(Note strong language in the 11th paragraph)
By Bill Rigby
TACOMA, Washington (Reuters) - A U.S. Army soldier charged with killing 16 Afghan civilians in a drunken rampage in March sat quietly in a military courtroom on Monday as prosecutors outlined their case, accusing him of two murderous forays from his barracks into nearby villages.
Prosecutor Jay Morse said he would present evidence proving “chilling premeditation” on the part of Staff Sergeant Robert Bales, a decorated veteran of four combat tours in Iraq and Afghanistan who is accused of the mass killings.
The shootings of mostly women and children in Afghanistan’s Kandahar province marked the worst civilian slaughter by U.S. forces since the Vietnam War and eroded already strained U.S.-Afghan ties after over a decade of conflict in the country.
Bales faces 16 counts of premeditated murder and six counts of attempted murder, as well as charges of assault and wrongfully possessing and using steroids and alcohol while deployed. If convicted, he could face the death penalty.
The hearing at Joint Base Lewis-McChord in Washington state is expected to last two weeks and include witness testimony in Afghanistan carried by live video, including villagers and Afghan soldiers.
At the end, military commanders will decide whether there is sufficient evidence to refer the case for trial by court-martial.
Bales, dressed in camouflage Army fatigues, his head shaven, embraced his wife in court before the hearing began. He then sat silently watching the proceedings from the defense table as Morse summarized the prosecution’s account of the events of March 11.
According to Morse, Bales had been drinking and paid a brief visit to the room of a fellow soldier before he left the Army post, called Camp Belambay, and went to a village where he committed the first set of slayings.
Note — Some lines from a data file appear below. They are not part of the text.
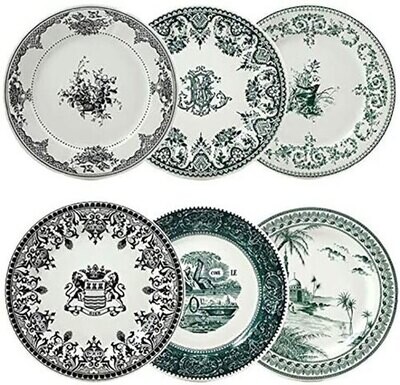 Gien Les Depareillees Green Dinner Plates Assorted 1841B6AM26, MPN: 1841B6AM26, 840769045689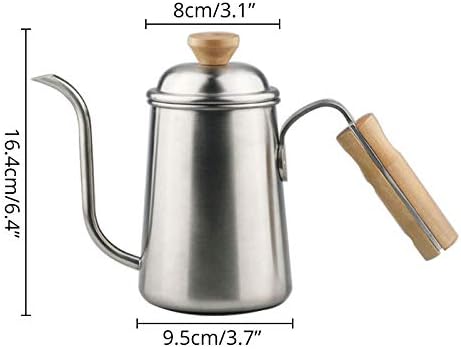 Coffee Press Long Narrow Spout Coffee Pot 304 Stainless Steel Wooden Hand Pour Over Drip Kettle for Coffee Maker Pots(Silver)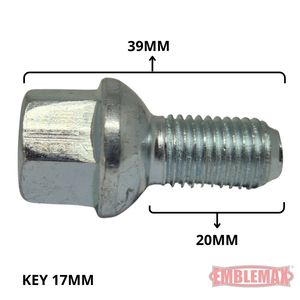 BOULON ZINGUÉ PAST/GOL/VOY CLÉ 17 M12X1.5 (16 PIÈCES) EMBLEMAX - 2501 - Product Image 2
Morse said Bales then returned to the camp, told some others what he had done and left again, moving on to a different village and committing additional killings. He called Bales’ actions “deliberate, methodical.”
The prosecution then showed a video shot by night-vision camera from a surveillance balloon over the camp, showing a figure they identified as Bales walking back to the post wearing what they described as a cape.
He is seen being confronted by three soldiers, who order him to drop his weapons and take him into custody as he is heard saying, “Are you fucking kidding me?”
Prosecutors said Bales had been armed with an M-1 rifle, a pistol and a grenade launcher during the killings.
Bales, who is not expected to testify during the so-called Article 32 hearing, had been confined at a military prison in Kansas from March until he was moved in October to Lewis-McChord, where his infantry regiment was based.
John Henry Browne, Bales’ civilian lawyer, has suggested that Bales may not have acted alone and may be suffering from post-traumatic stress disorder.
Browne told Reuters last month that he and an Army prosecutor planned to question five to 15 Afghan villagers and military personnel as key witnesses from Kandahar Air Field.
Bales also has two military defense counselors, Major Gregory Malson and Captain Matthew Aeisi. Malson represented Army Sergeant William Kreutzer, who was sentenced to life in prison three years ago for killing an officer and wounding 18 U.S. soldiers in a 1995 shooting spree.
Separately, Bales is subject to a review of his mental fitness to stand trial, often referred to as a “sanity board.” The Army has not disclosed the status of that evaluation.
The March shooting highlighted discipline problems among U.S. soldiers from Lewis-McChord, which was also the home base of five enlisted men from the former 5th Stryker Brigade charged with premeditated murder in connection with three killings of unarmed Afghan civilians in 2010.
Four of the men were convicted or pleaded guilty in court-martial proceedings to murder or manslaughter charges and were sentenced to prison. Charges against the fifth were dropped.
In August, U.S. Defense Secretary Leon Panetta directed a panel of experts to assess whether reforms were needed in the way the military justice system handles crimes committed by U.S. forces against civilians in combat zones.